# Sentiment Analysis

![Sonny and Mariel high fiving.](https://github.com/senolcemhan98/templates/blob/main/sentiment.png?raw=true)

Model (HuggingFace) : https://huggingface.co/pysentimiento/robertuito-sentiment-analysis
- The model has several different language options (es, en, it, pt). (pt:Portuguese)
- Base model : BERT
- pysentimiento is an **open-source** library

In [5]:
from pysentimiento import create_analyzer
analyzer = create_analyzer(task="sentiment", lang="pt") 

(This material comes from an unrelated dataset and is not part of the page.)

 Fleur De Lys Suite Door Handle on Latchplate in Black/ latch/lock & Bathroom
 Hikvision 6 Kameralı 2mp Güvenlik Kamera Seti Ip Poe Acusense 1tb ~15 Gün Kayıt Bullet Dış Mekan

def analyze_sentiment(text:str):

    probs = analyzer.predict(text).probas
    # Calculate the weighted average for sentiment_score
    return (probs['POS'] * 1 + probs['NEU'] * 0 + probs['NEG'] * -1)





In [25]:
import pandas as pd
data = pd.read_csv('./S_Data/order_reviews.csv')
from scipy.stats import spearmanr
data = data[data['review_comment_message'].isna() == False]
data = data[['review_score','review_comment_message']]

In [26]:
data['sentiment_score'] = data['review_comment_message'].apply(analyze_sentiment)

In [27]:
data.head()

Unnamed: 0,review_score,review_comment_message,sentiment_score
3,5,Recebi bem antes do prazo estipulado.,0.031753
4,5,Parabéns lojas lannister adorei comprar pela I...,0.986891
9,4,aparelho eficiente. no site a marca do aparelh...,-0.597534
12,4,"Mas um pouco ,travando...pelo valor ta Boa.\r\n",-0.578317
15,5,"Vendedor confiável, produto ok e entrega antes...",0.056698


In [28]:
data.describe()

Unnamed: 0,review_score,sentiment_score
count,41753.0,41753.0
mean,3.640409,0.253674
std,1.626383,0.700631
min,1.0,-0.991368
25%,2.0,-0.260423
50%,4.0,0.260692
75%,5.0,0.977939
max,5.0,0.992501


In [44]:
# Filter minimum sentiment_score
pd.set_option('display.max_colwidth', None)
min_sentiment_score = data['sentiment_score'].min()

print(f"Comment : {data.loc[data[data['sentiment_score'] == min_sentiment_score].index, 'review_comment_message']}")
print(f"Review Score : {data.loc[data[data['sentiment_score'] == min_sentiment_score].index, 'review_score']}")
print(f"Sentiment Score : {data.loc[data[data['sentiment_score'] == min_sentiment_score].index, 'sentiment_score']}")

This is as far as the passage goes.